● **To do**:
Copy word for word, please, the lines of the entries below running from the one containing "Vasquez & Vasquez" to the one containing "Used 2021 Ford Expedition XLT", both ends included.

● **Information supplied**:
BEGIN

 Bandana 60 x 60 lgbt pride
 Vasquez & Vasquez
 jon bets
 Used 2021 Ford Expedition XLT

END
BEGIN

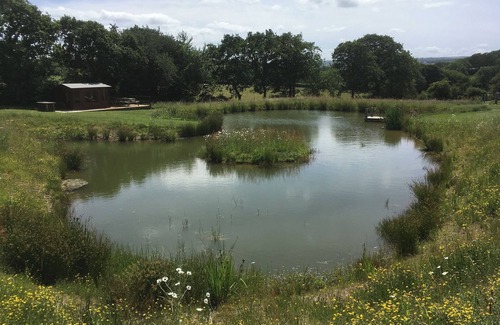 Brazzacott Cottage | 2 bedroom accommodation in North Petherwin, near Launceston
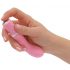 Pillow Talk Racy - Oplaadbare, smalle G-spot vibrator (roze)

END

● **Response**:
 Vasquez & Vasquez
 jon bets
 Used 2021 Ford Expedition XLT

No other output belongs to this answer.